Все это лишь одни стихи пустые. Но скажите,
Коль трех мне юношей представят: Мудрость, Золото, Краса,
Которого из трех мне разумно было б выбрать?[447]
Тут дело вовсе не в том, что автор поленился отделать строку, как следует. Он осознанно нарушает правильный размер, чему еще более способствует краткость строк и необходимость их разрывать, когда дается диалог, меняющий количество стоп в строке. Меж тем правильное количество ударений в строке часто придает драмам, писавшимся в ту эпоху, что-то неестественное:
Любил я ту даму, судьбе вопреки[448] ("Подмененное дитя").
Могильный холм его да порастет цветами теми ("Белый дьявол")[449].
Будь дух величья это иль возлюбленной моей ("Герцогиня Амальфи")[450].
Напрасно было бы, указывая на такие строки, сокрушаться об упадке трагедии. Тёрнер и Шерли[451], стараниями которых трагедия, на мой взгляд, на самом деле достигла почти полного вырождения, писали намного более правильным стихом, чем Уэбстер или Мидлтон. Тернер настолько дорожил безукоризненно отделанным ямбом, что с легкостью отделял предлог от глагола, и в его "Трагедии атеиста" из пяти строк предлог стоит на конце двух.
Таким образом, можно сделать такое заключение: некая тень простого метра непременно должна витать даже над самым свободным стихом, грозно надвигаясь, едва этот стих начнет нас убаюкивать, так что мы вот-вот погрузимся в дремоту, и тут же отступая, едва мы пробудились. То есть свобода лишь тогда свобода, когда за нею чувствуется ограничение, требуемое искусством.
Неспособность понять, что до какой-то степени ограничение необходимо во всех случаях, помимо моментов первого, наиболее интенсивного переживания, — вот, мне кажется, основная ошибка, допускаемая даже таким талантливым и достойным поэтом, как Э.Л. Мастере[452]. Его "Антология Спун Ривер" не содержит материала, где чувствовалось бы интенсивное переживание; это поэзия рефлективная в большей степени, чем непосредственно лирическая, и автор — не столько наблюдатель жизни, сколько моралист.
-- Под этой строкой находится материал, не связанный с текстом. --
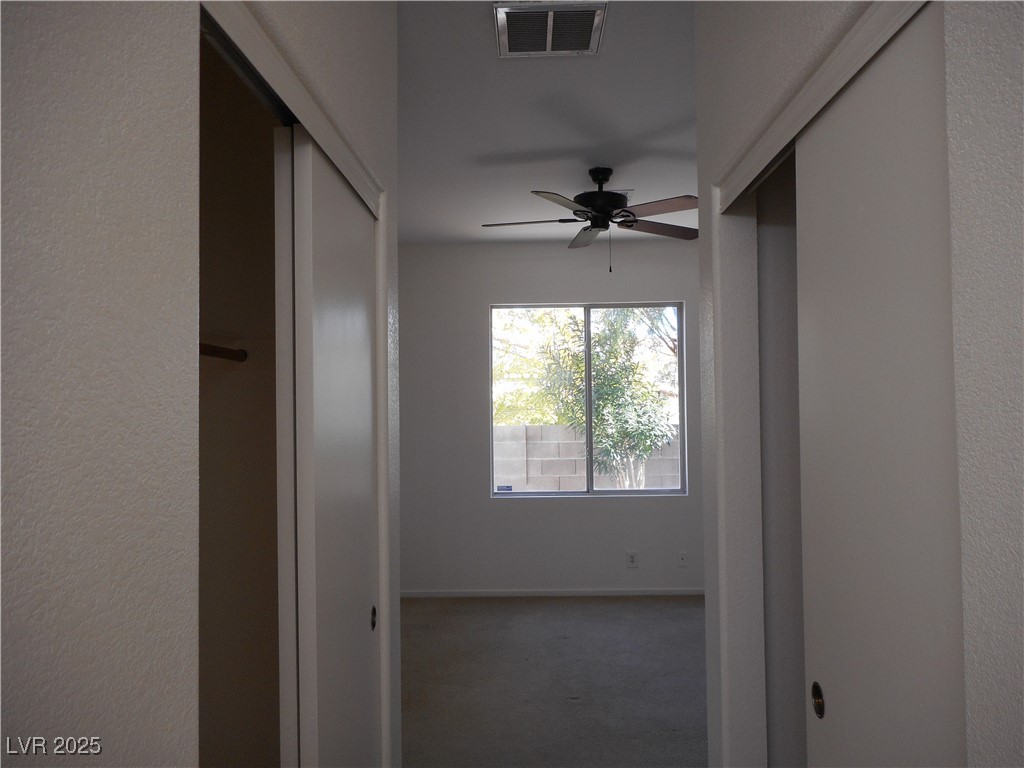 7252 Tigertail Court Las Vegas NV 89131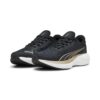 Scend Pro Engineered “Oro Negro”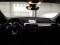 preview BMW X1 #2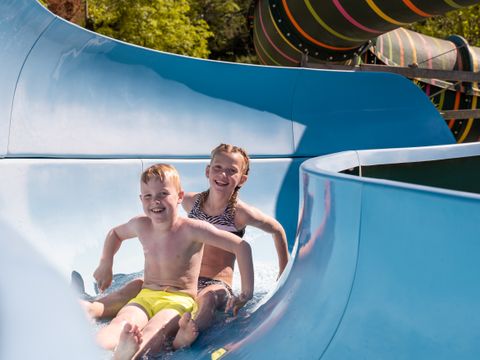 Camping RCN La Bastide en Ardèche - Camping Ardèche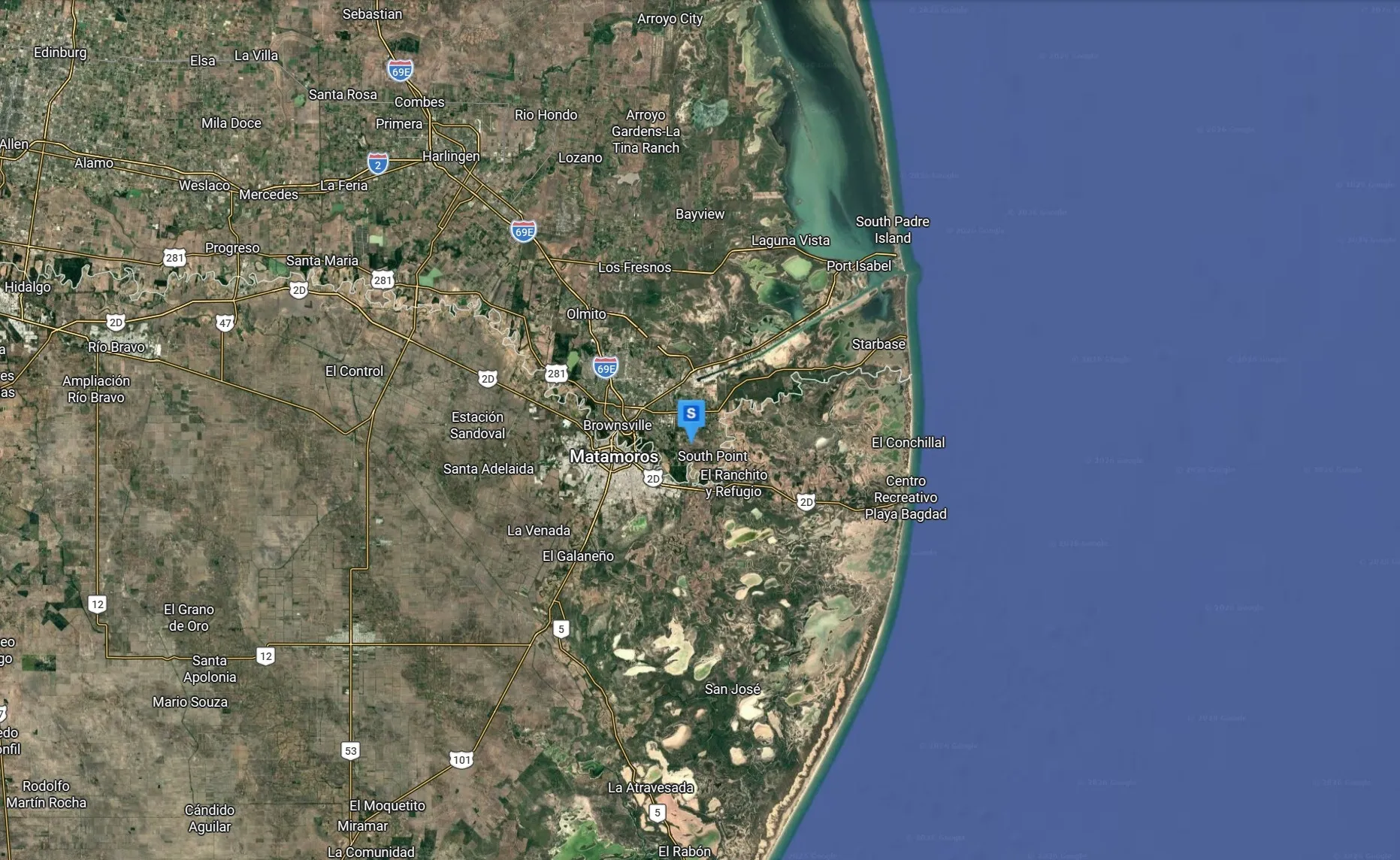 Improved Land For Sale in Cameron (TX) County , 6338 Tiger Drive, Brownsville, Texas 78520, 0, 0, Garage spaces, 0 Sqft, built in 0, mls#21409126, Real Estate Agent in Brownsville, Homes For Sale in Cameron (TX) county, Homes For Sale in Brownsville, Realtor in Brownsville Texas, Real Estate Brokerage Independent Realty Texas, Luminita Cordes Realtor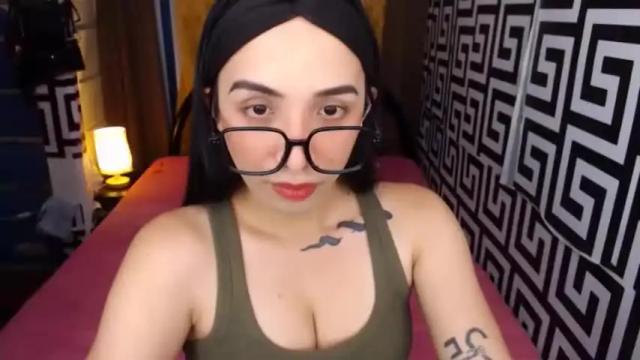 Image 7 of yassiered Stream on Chaturbate on 14 months ago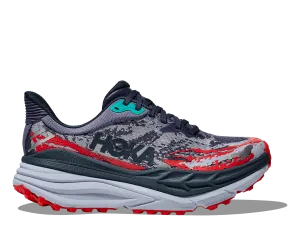 Hoka Stinson 7 - Women's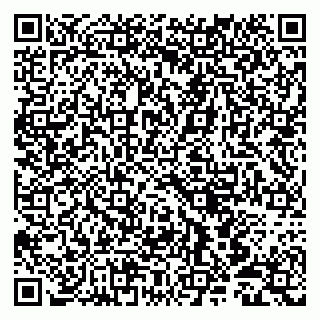 vCard 79803552674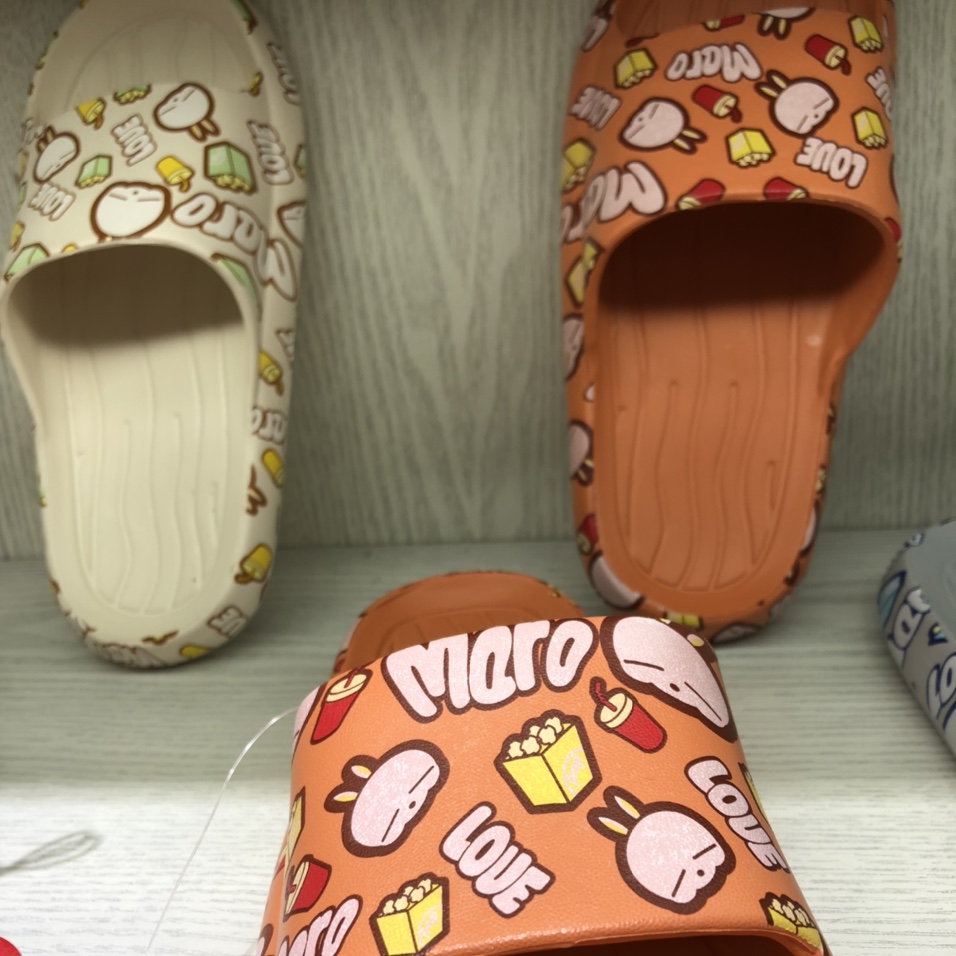 Goods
По характеру материала он настолько близок Крэббу[453], что непонятно, для чего Мастерсу потребовалось прибегать к другой форме. При сравнении их двух убеждаешься, что стихи Крэбба в общем и целом производят более интенсивное впечатление: он проницателен, прям и не ведает снисхождения. Его материал прозаичен — не в том смысле, что для такого материала проза предпочтительнее, но оттого что он требует простой и довольно жесткой стиховой формы, которую Крэбб и избрал. Материал Мастерса взывает к намного более жесткой форме, чем та, которую мы находим у двух современных поэтов, цитированных выше, и как раз от отсутствия такой формы страдают его эпитафии.
Впрочем, довольно о размере. Совсем уйти от метрики нельзя, можно лишь использовать ее с большим или меньшим мастерством. Что до рифмы, то без нее, как всем известно, вполне можно обойтись, но первыми это поняли отнюдь не приверженцы верлибра.
Скрючились
Ветви деревьев
Непостижимым узором;
Листья опали
С этих изогнутых сучьев.
Тонкая тень от ствола, но от мачты другая,
От парусов, изорванных в бурю, — другая[454].
Первые смутные пятна,
Рассвет через грубые доски сочится.
Дом под платанами скрыт,
Он в долине безлюдной затерян, богиня.
Вот уже луч заиграл на полу, я проснулся,
Шкуру набросил оленью, всю в пятнах.